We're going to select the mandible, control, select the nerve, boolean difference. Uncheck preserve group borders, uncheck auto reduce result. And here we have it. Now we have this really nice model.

---

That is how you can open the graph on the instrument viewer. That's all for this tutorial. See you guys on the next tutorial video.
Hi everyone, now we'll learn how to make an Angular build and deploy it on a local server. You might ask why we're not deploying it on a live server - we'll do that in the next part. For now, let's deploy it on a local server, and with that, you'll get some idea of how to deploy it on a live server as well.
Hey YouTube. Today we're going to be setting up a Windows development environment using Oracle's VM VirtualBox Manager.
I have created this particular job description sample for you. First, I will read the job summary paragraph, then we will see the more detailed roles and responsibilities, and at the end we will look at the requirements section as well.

--

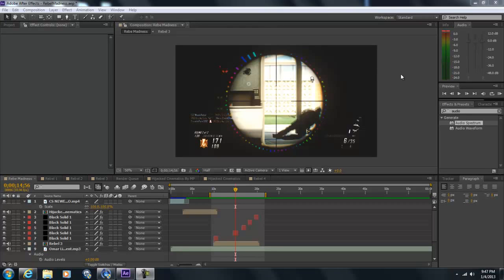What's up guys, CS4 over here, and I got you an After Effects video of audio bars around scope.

# Try it
Every line of the entries that includes "going" must be copied into the answer.

# Response for this exercise
We're going to select the mandible, control, select the nerve, boolean difference. Uncheck preserve group borders, uncheck auto reduce result. And here we have it. Now we have this really nice model.
Hey YouTube. Today we're going to be setting up a Windows development environment using Oracle's VM VirtualBox Manager.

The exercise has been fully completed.